● WHAT YOU ARE ASKED TO DO: Would you repeat the listing below verbatim and drop the images?

RECORDS SHOWN Start Marker

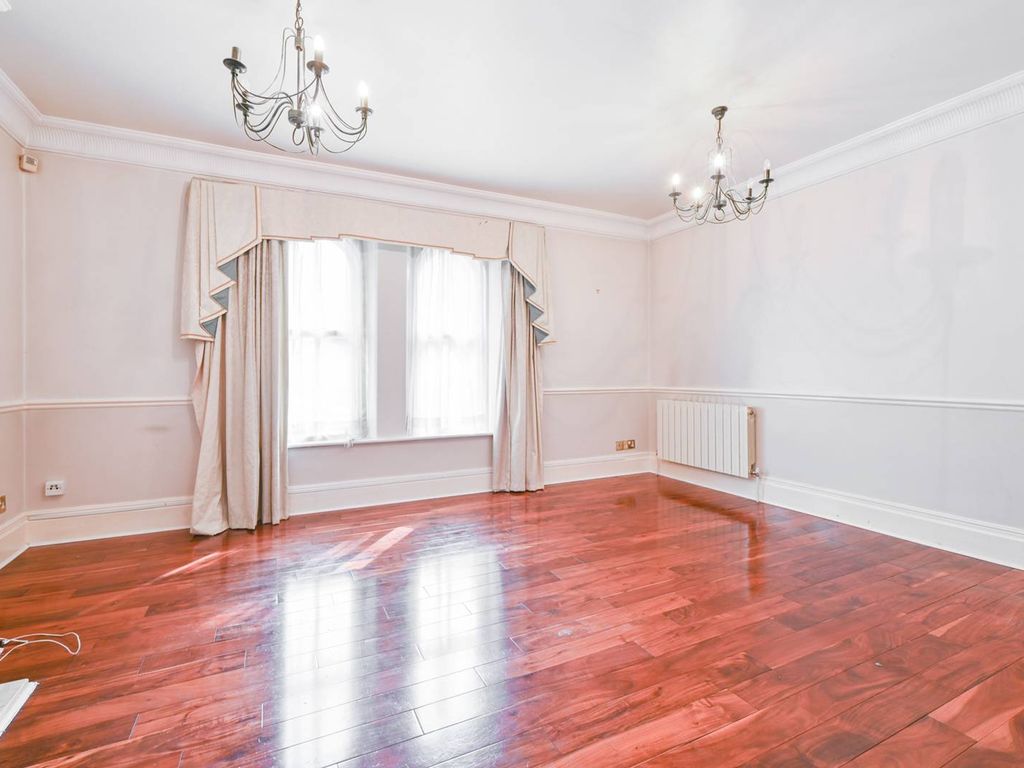 3 bed flat for sale in West Hill, Harrow On The Hill, Harrow HA2, £600,000
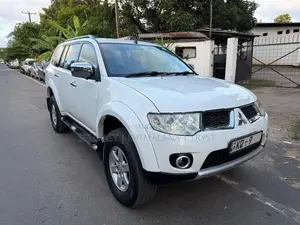 Mitsubishi Montero Sport 2011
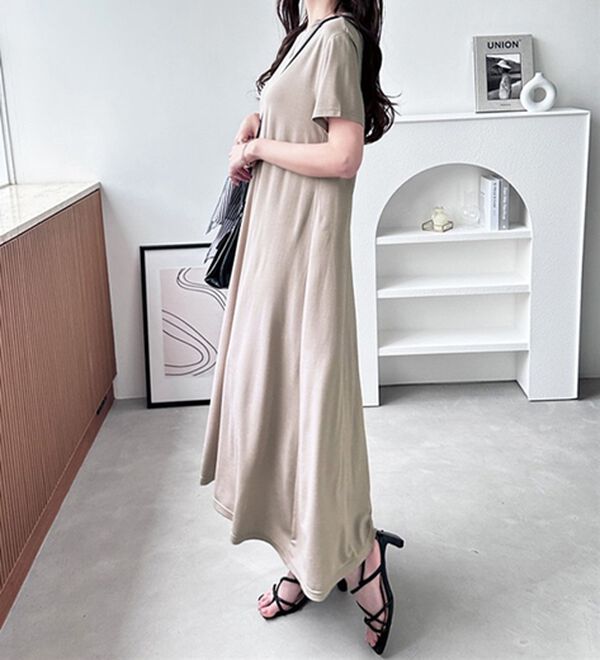 GeeRA（ジーラ）の「【接触冷感】フレアーシルエットロングワンピース（ロングワンピース）」｜詳細画像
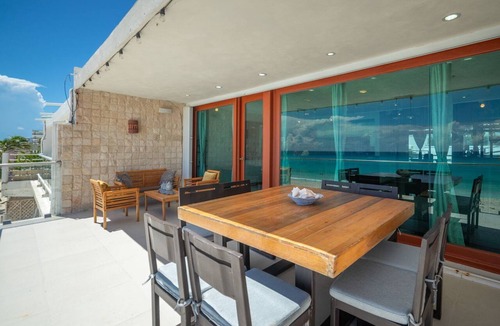 Punta Cancun Apartment | Spacious Luxury Retreat with a jacuzzi - Villas del Mar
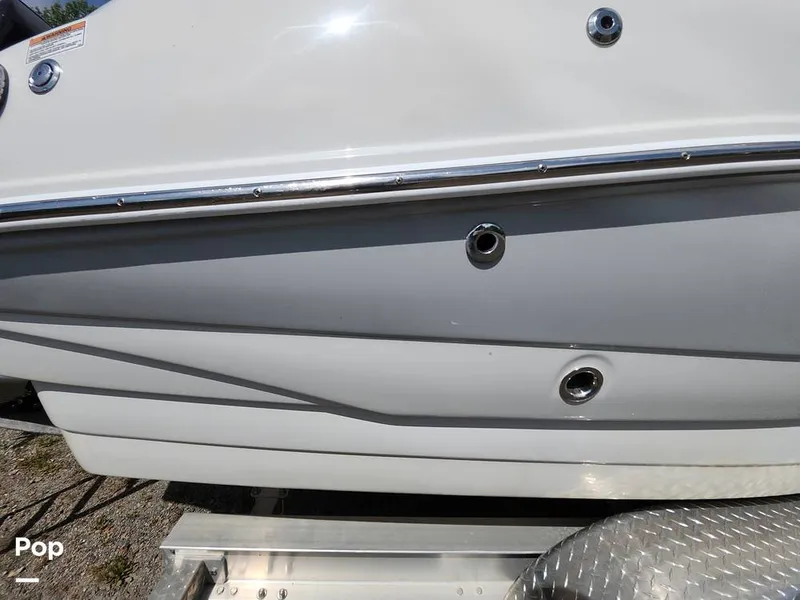Slide: The Image of Crownline Boats E255 XS 2022 - 16321446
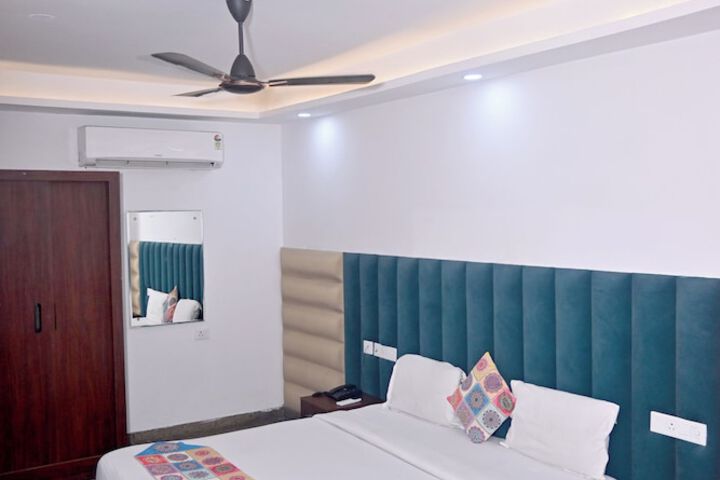 Room 13 of 23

RECORDS SHOWN End Marker

● EXERCISE OUTPUT:
 3 bed flat for sale in West Hill, Harrow On The Hill, Harrow HA2, £600,000
 Mitsubishi Montero Sport 2011
 GeeRA（ジーラ）の「【接触冷感】フレアーシルエットロングワンピース（ロングワンピース）」｜詳細画像
 Punta Cancun Apartment | Spacious Luxury Retreat with a jacuzzi - Villas del Mar
Slide: The Image of Crownline Boats E255 XS 2022 - 16321446
 Room 13 of 23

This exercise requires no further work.